> _Exercise requirements_: Your output should be the lines below from the one holding "We recently noticed" through the one holding "And the interesting", transcribed exactly, with no pictures.

> _Given data_:
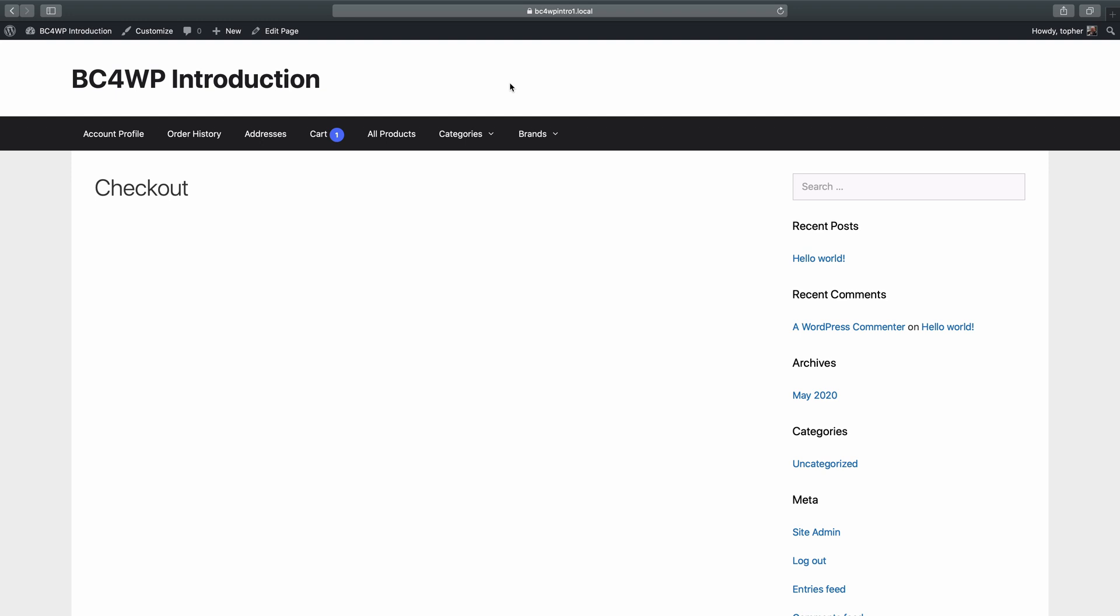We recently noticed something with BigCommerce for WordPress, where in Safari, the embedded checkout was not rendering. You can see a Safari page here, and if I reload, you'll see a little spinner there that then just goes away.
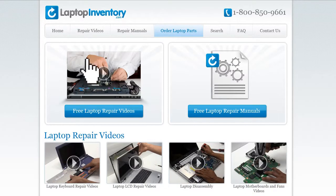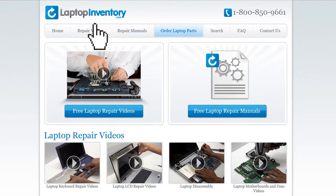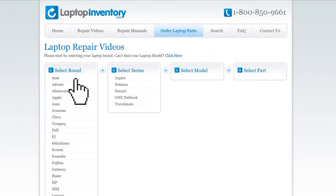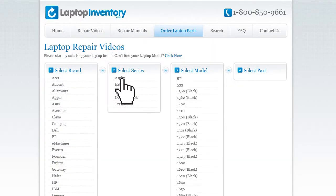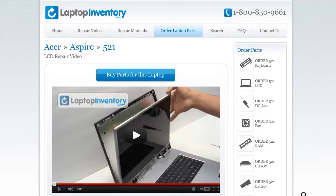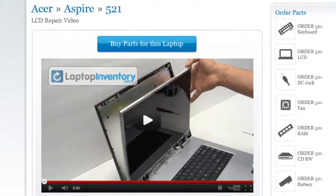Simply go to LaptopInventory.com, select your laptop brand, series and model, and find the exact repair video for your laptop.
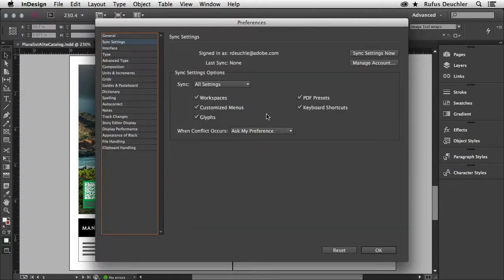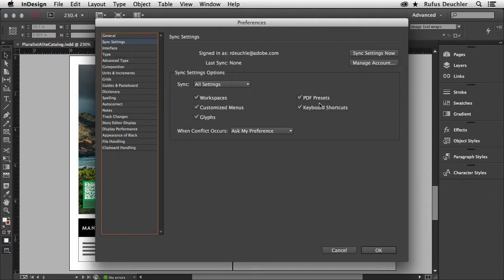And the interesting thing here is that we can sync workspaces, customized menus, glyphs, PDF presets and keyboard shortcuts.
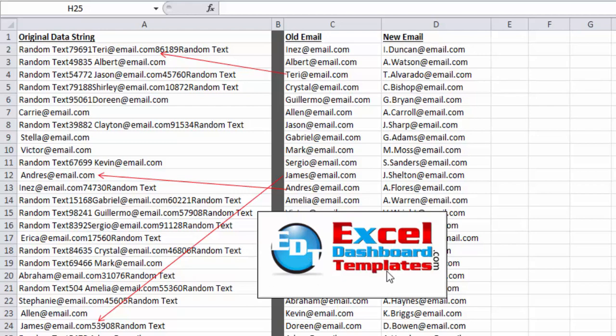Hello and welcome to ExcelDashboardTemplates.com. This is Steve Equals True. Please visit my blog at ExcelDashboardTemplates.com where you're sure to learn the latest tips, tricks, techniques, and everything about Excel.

...

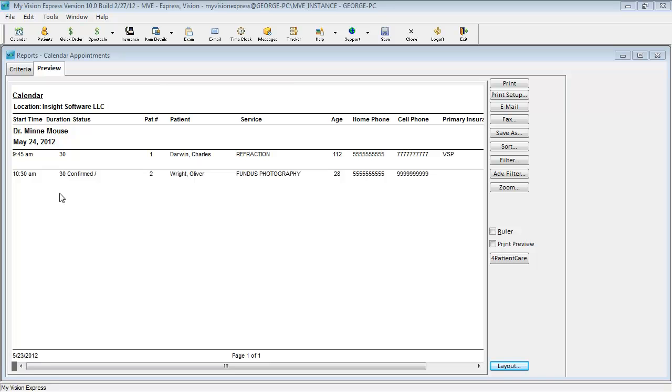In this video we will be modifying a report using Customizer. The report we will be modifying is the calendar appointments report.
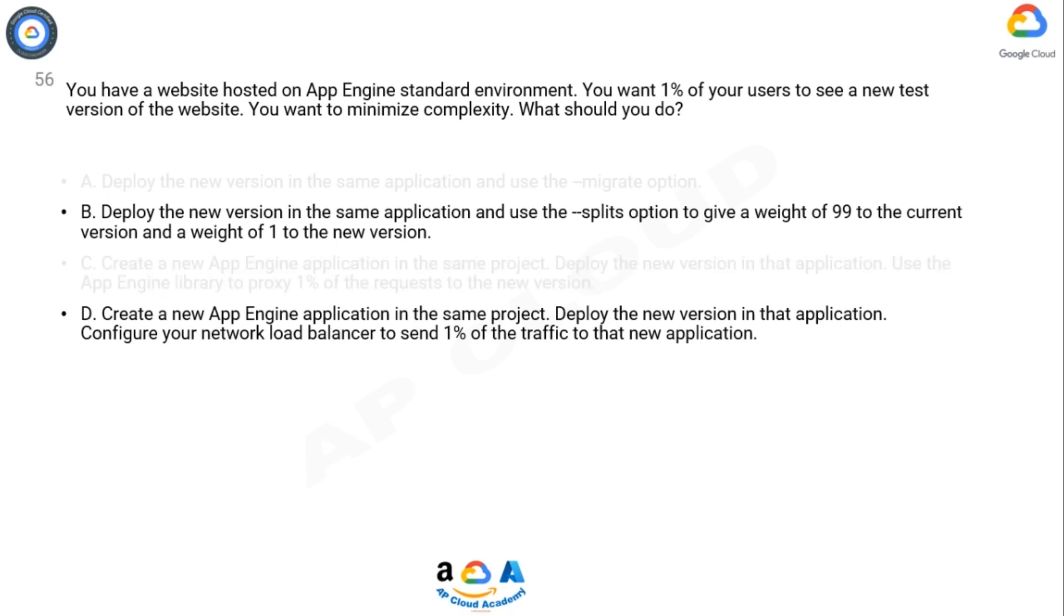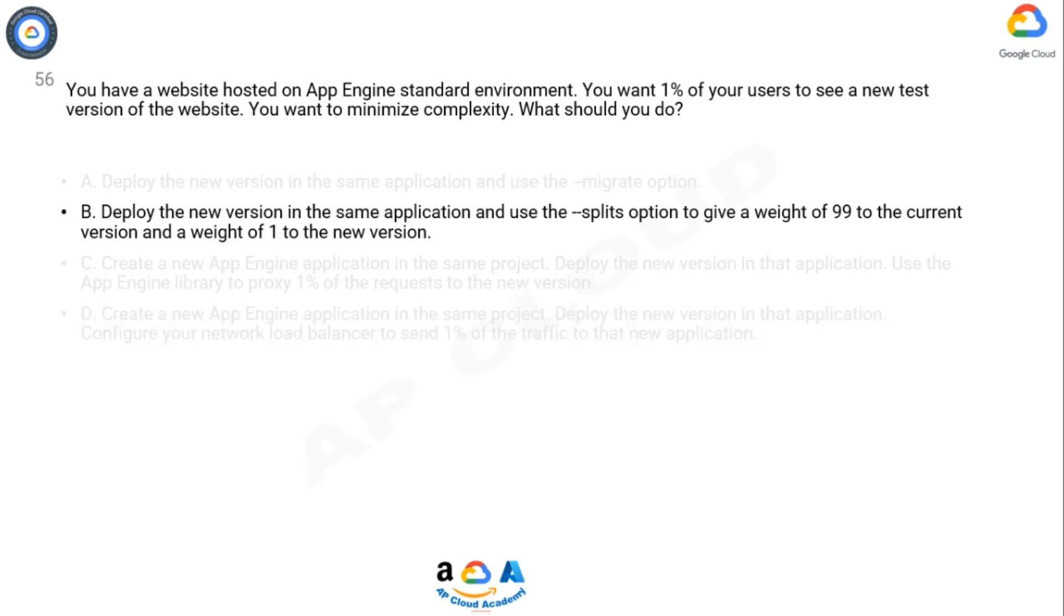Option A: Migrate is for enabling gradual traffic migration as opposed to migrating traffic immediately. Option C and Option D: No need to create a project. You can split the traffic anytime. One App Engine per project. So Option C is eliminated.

> _Expected output_:
We recently noticed something with BigCommerce for WordPress, where in Safari, the embedded checkout was not rendering. You can see a Safari page here, and if I reload, you'll see a little spinner there that then just goes away.
Simply go to LaptopInventory.com, select your laptop brand, series and model, and find the exact repair video for your laptop.
And the interesting thing here is that we can sync workspaces, customized menus, glyphs, PDF presets and keyboard shortcuts.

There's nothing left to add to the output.